Go through the lines below and copy each one that holds the string "ASTM".

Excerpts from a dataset
◆ ◆ ◆ ◆ ◆ ◆ ◆
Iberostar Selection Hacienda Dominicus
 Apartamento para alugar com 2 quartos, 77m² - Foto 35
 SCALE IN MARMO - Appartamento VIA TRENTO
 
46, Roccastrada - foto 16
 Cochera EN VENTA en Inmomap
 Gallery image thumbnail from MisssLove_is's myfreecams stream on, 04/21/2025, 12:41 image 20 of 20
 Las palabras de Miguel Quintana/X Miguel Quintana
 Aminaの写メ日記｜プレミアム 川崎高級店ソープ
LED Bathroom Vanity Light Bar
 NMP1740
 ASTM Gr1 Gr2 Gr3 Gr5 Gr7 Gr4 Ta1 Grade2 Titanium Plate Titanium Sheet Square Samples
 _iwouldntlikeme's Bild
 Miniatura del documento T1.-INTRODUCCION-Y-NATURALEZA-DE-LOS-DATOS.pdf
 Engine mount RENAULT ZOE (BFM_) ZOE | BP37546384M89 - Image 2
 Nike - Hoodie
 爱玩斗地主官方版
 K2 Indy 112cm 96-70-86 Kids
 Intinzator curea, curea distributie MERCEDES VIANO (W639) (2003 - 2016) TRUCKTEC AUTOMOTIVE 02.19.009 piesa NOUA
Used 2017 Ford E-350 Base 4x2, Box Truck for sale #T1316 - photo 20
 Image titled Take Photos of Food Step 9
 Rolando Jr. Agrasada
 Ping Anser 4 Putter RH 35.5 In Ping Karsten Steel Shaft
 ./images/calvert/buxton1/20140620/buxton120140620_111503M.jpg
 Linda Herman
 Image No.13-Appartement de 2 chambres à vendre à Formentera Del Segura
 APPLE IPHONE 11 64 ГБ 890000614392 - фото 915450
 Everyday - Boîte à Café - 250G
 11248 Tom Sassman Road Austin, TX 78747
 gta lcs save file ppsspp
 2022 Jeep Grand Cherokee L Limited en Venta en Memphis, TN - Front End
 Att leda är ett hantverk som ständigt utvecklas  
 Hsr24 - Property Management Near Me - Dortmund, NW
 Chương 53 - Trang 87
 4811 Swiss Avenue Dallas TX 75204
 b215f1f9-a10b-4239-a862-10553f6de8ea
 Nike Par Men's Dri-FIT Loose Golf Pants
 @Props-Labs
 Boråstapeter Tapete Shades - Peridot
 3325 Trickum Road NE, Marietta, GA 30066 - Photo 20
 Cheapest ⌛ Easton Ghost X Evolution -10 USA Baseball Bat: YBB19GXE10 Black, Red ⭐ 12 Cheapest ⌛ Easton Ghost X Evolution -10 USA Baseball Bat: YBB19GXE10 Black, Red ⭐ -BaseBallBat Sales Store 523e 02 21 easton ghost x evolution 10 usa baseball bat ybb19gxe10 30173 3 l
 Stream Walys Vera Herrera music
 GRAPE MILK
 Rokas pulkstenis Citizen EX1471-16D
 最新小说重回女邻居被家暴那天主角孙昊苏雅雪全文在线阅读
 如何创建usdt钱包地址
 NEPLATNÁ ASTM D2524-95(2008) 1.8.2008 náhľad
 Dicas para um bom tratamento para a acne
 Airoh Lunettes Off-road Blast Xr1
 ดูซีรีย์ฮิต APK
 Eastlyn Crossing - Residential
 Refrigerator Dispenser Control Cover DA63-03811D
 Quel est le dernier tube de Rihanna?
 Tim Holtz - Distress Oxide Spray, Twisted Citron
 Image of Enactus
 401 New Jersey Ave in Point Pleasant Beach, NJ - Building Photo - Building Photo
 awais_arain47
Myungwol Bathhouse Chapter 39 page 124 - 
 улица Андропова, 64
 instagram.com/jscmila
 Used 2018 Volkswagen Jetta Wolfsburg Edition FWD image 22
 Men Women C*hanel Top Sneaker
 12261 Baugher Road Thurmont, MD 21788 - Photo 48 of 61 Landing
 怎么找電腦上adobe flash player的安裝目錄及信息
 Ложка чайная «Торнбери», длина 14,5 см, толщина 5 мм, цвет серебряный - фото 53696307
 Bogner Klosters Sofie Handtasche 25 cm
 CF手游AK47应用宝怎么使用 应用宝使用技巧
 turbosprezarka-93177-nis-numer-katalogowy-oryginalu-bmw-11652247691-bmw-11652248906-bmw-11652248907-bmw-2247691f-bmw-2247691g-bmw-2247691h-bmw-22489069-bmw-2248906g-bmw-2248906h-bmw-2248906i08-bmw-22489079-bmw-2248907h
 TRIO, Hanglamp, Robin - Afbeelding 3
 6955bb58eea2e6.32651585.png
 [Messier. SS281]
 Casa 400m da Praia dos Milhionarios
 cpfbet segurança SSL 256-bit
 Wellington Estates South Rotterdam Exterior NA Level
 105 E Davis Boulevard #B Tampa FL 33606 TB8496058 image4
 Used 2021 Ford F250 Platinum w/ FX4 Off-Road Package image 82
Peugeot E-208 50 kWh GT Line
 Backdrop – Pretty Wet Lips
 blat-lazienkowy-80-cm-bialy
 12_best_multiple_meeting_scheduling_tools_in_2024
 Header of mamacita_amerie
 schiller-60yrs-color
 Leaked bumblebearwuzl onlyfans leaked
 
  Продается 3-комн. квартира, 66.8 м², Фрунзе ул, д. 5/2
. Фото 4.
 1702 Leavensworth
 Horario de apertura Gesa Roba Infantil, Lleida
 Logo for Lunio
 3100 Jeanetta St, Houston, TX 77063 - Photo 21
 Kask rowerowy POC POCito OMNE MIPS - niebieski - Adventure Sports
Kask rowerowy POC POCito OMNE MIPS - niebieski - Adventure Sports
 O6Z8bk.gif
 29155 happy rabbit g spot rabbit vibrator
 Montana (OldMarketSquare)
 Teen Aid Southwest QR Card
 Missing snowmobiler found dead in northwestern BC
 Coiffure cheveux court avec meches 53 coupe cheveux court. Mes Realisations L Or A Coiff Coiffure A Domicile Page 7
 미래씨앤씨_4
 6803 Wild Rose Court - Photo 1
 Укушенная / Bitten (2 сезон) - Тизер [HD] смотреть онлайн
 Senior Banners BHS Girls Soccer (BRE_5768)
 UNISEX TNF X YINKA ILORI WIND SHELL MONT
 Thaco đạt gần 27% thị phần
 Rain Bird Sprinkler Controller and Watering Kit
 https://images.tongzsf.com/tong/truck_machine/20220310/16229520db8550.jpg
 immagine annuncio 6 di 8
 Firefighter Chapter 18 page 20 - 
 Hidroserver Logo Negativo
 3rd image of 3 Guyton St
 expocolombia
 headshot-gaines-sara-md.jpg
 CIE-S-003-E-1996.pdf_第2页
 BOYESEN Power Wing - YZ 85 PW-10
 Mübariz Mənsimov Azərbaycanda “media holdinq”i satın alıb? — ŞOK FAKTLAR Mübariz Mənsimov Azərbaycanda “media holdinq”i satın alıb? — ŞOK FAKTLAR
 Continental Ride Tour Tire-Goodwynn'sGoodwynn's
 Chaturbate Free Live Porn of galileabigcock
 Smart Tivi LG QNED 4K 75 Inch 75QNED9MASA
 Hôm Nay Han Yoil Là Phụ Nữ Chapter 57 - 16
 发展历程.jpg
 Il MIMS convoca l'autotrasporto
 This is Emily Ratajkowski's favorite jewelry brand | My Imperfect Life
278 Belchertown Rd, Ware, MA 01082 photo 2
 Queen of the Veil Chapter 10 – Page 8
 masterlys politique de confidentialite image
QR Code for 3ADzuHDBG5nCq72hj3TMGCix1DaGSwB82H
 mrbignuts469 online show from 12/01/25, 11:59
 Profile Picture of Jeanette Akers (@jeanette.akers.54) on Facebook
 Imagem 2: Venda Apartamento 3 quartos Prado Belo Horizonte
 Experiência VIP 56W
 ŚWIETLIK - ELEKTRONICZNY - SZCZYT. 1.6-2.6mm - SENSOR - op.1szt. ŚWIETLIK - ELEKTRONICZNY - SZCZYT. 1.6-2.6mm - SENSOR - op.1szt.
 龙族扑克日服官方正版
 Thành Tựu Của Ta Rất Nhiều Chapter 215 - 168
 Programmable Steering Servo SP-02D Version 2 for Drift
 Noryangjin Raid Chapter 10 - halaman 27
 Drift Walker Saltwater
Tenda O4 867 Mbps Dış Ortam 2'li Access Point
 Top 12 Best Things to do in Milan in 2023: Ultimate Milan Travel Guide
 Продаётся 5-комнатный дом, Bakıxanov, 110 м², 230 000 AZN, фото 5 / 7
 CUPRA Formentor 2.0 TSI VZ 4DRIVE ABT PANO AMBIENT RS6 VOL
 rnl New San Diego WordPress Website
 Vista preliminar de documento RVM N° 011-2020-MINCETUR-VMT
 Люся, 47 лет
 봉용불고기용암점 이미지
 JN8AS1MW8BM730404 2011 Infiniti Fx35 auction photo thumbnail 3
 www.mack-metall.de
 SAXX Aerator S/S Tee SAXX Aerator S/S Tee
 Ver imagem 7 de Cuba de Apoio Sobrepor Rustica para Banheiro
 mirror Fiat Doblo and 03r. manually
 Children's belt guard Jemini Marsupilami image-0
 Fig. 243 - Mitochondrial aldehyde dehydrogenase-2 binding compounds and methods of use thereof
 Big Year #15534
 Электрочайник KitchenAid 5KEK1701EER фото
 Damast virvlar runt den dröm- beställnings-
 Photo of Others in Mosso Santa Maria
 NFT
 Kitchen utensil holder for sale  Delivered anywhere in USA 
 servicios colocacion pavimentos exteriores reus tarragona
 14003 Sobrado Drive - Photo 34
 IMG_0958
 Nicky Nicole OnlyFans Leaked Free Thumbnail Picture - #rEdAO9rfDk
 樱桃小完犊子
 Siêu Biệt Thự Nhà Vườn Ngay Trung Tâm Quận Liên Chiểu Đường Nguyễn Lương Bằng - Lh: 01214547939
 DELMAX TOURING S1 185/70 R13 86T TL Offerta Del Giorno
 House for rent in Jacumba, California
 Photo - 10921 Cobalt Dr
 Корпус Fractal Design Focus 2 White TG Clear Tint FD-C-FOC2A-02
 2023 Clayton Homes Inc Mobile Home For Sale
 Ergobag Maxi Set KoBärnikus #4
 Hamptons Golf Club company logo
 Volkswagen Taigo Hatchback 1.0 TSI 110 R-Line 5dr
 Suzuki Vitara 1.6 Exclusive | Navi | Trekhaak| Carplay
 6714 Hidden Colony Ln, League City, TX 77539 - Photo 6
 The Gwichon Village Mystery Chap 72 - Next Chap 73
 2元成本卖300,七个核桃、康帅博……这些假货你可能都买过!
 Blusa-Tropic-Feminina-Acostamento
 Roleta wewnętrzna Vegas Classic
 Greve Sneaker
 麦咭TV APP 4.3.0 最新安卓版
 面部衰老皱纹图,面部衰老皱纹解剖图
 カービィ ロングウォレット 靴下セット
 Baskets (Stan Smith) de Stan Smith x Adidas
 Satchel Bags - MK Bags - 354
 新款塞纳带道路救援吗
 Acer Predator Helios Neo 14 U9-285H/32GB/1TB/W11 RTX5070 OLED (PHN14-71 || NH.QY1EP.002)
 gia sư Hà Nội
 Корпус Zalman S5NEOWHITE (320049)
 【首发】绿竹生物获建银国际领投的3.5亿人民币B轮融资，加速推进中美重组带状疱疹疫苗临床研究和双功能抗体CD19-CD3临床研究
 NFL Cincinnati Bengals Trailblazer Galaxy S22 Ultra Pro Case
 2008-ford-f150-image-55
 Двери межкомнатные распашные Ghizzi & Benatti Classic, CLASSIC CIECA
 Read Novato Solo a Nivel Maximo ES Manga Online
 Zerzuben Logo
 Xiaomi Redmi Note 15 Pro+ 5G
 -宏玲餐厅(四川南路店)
◆ ◆ ◆ ◆ ◆ ◆ ◆
Exercise result:
 ASTM Gr1 Gr2 Gr3 Gr5 Gr7 Gr4 Ta1 Grade2 Titanium Plate Titanium Sheet Square Samples
 NEPLATNÁ ASTM D2524-95(2008) 1.8.2008 náhľad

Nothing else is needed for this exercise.